X-Chefin Linda Yaccarino gibt auf
Die Chefin der Online-Plattform X von US-Tech-Unternehmer Elon Musk, Linda Yaccarino, tritt zurück. Sie gebe den Leitungsposten "nach zwei unglaublichen Jahren" auf, schrieb Yaccarino am Mittwoch auf X, ohne einen Grund zu nennen. Einen Tag zuvor war Musks Künstliche-Intelligenz-Chatbot Grok, den X-Nutzer befragen können, wegen Hitler-Verherrlichung in die Kritik geraten. Ob ein Zusammenhang zu Yaccarinos Rücktritt besteht, war vorerst unklar.
Musk dankte Yaccarino für ihre Arbeit. Der Tech-Unternehmer und reichste Mann der Welt hatte den früheren Kurznachrichtendienst Twitter im Oktober 2022 gekauft und benannte ihn später in X um. Er leitete die Onlineplattform zunächst selbst, ernannte dann aber im Mai 2023 die frühere Werbemanagerin Yaccarino zur neuen Chefin. Sie sollte Werbekunden zurückgewinnen, die den Dienst - damals noch unter dem Namen Twitter - nach einer einer Zunahme von Falschinformationen und Hassrede verlassen hatten.

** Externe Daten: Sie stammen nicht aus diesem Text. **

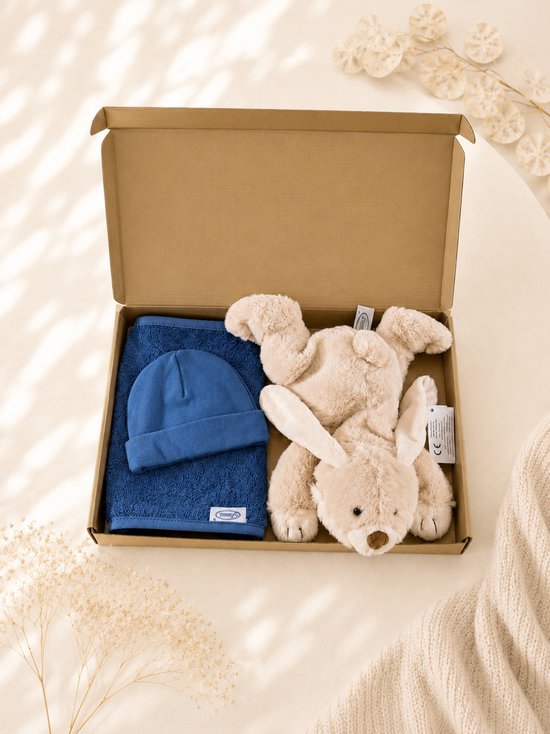 Kraampakket beige / blauw – Knuffel Konijn, Baby Mutsje & Slab – jongen – babyshower – Luxe Gouden Geschenkverpakking – Brievenbus Kraamcadeau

In den vergangenen Monaten gab es jedoch mehrfach scharfe Kritik wegen des Chatbots Grok. Kurz vor Yaccarinos Rückzug löschte Musks Unternehmen Beiträge, in denen Grok den deutschen Diktator Adolf Hitler verherrlicht und Juden pauschal einen "Hass gegen Weiße" unterstellt hatte. Diese Beiträge seien "unangemessen", erklärte der Konzern.
Die Grok-Beiträge riefen die US-Nichtregierungsorganisation Anti Defamation League (ADL) auf den Plan, die seit mehr als hundert Jahren gegen Diffamierung von Juden eintritt. Die jüngsten Veröffentlichungen des Chatbots seien "unverantwortlich, gefährlich und antisemitisch", kritisierte die ADL.
Nutzer können Grok auf der Plattform X Fragen stellen, der Chatbot liefert dann mittels Künstlicher Intelligenz (KI) in Sekundenschnelle Antworten. Dabei kam es jedoch mehrfach zu Vorfällen, die ein Schlaglicht auf die Risiken von KI werfen.
In früheren Antworten hatte Grok die Filmindustrie in Hollywood etwa als "überproportional jüdisch" bezeichnet. In der Türkei blockierte ein Gericht in Ankara am Mittwoch zehn Grok-Beiträge, weil darin Präsident Recep Tayyip Erdogan und Republikgründer Atatürk beleidigt worden seien. In den USA hatte es im Mai eine Debatte gegeben, weil Grok von einem "Genozid" an Weißen in Südafrika gesprochen hatte - eine These, die auch US-Präsident Donald Trump vertritt.
Musk hatte Grok Ende 2023 als Konkurrenz zu ChatGPT und anderen KI-Chatbots vorgestellt. Dahinter steht Musks Startup xAI, das der Unternehmer im März mit X zusammenführte. Im Rahmen der Fusion wurde xAI mit 80 Milliarden US-Dollar bewertet, X hingegen nur mit 33 Milliarden Dollar. Am Donnerstag will xAI in San Francisco sein neues Modell Grok4 präsentieren.
Musk sieht sich selbst als radikalen Vertreter der Meinungsfreiheit. Die freie Rede soll auch seine neue "Amerika-Partei" fördern, die der Unternehmer nach einem Zerwürfnis mit Trump erst am Wochenende als Konkurrenz zu den Republikanern gegründet hatte.
Kritiker werfen Musk hingegen vor, er fördere auf X und mit Grok gezielt rechtsextremes Gedankengut. In Deutschland hatte der aus Südafrika stammende Unternehmer vor der Bundestagswahl im Februar Werbung für die AfD gemacht.
Yaccarino lobte X in ihrem Abschiedspost als "digitales Stadtzentrum für alle Stimmen und das weltweit stärkste Kultursignal". Über die Fusion von xAI mit X schrieb sie: "Das Beste kommt noch."